Culturally Responsive-Sustaining Education Framework
The CR-S framework specifically embeds the ideals of diversity, equity and inclusion into student-centered learning environments. It is our hope that students will see themselves within the instructional materials used to support our curriculum and teachers feel supported in their attempts to connect and build relationships with all students.
National Council of Teachers of English member Rudine Sims Bishop wisely said, “Books are sometimes windows, offering views of worlds that may be real or imagined, familiar or strange. These windows are also sliding glass doors, and readers have only to walk through in imagination to become part of whatever world has been created and recreated by the author. When lighting conditions are just right, however, a window can also be a mirror. Literature transforms human experience and reflects it back to us, and in that reflection we can see our own lives and experiences as part of the larger human experience. Reading, then, becomes a means of self-affirmation, and readers often seek their mirrors in books.”

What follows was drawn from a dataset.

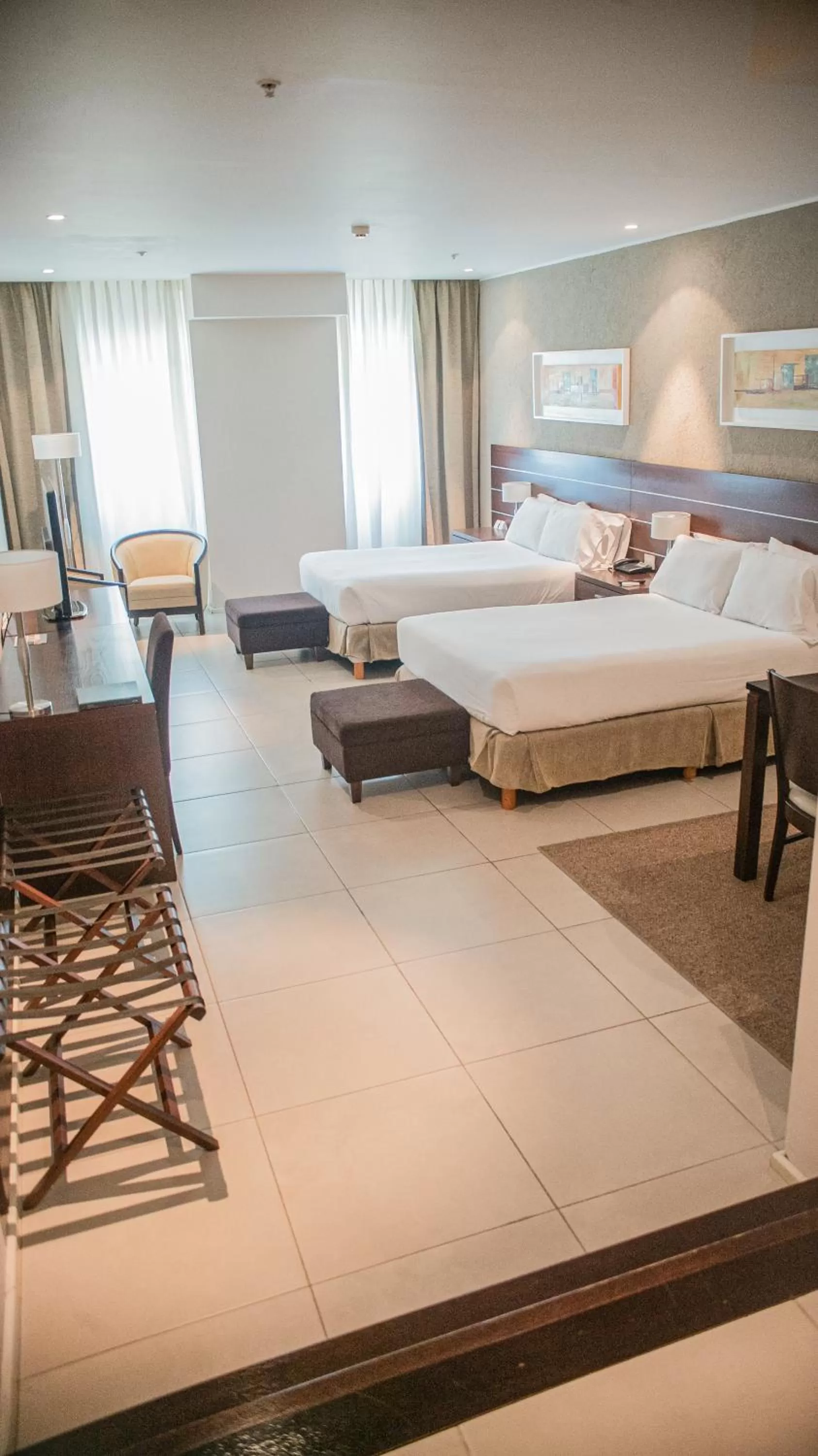 Photo of the whole room in Orfeo Suites Cordoba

To that point, it is important to note that when a specific topic is presented, it is meant for educational purposes and not as an advocacy effort or to promote certain agendas. Further, it is intended to help education stakeholders create student-centered learning environments that affirm cultural identities; foster positive academic outcomes; develop students’ abilities to connect across lines of difference; elevate historically marginalized voices; empower students as agents of social change; and contribute to individual student engagement, learning, growth, and achievement through the cultivation of critical thinking.
In some districts, parents have expressed concern that students are taught this type of material through the lens of Critical Race Theory, which became controversial in recent months. Critical Race Theory is not part of the curriculum in ER, nor is the intention of any lesson to make any student feel guilty or bad about themselves. When these lessons are delivered, teachers share historical information from multiple perspectives and seek to create an open dialogue about a topic that may be new to students. It would be in direct conflict with the concept of culturally responsive education to do things, say things or teach things that made any student feel bad about themselves.
The combination of Culturally Responsive Education and a more complete discussion of national and local history is designed to introduce students to concepts and issues that have many and competing perspectives, in a way that leads to civil dialogue.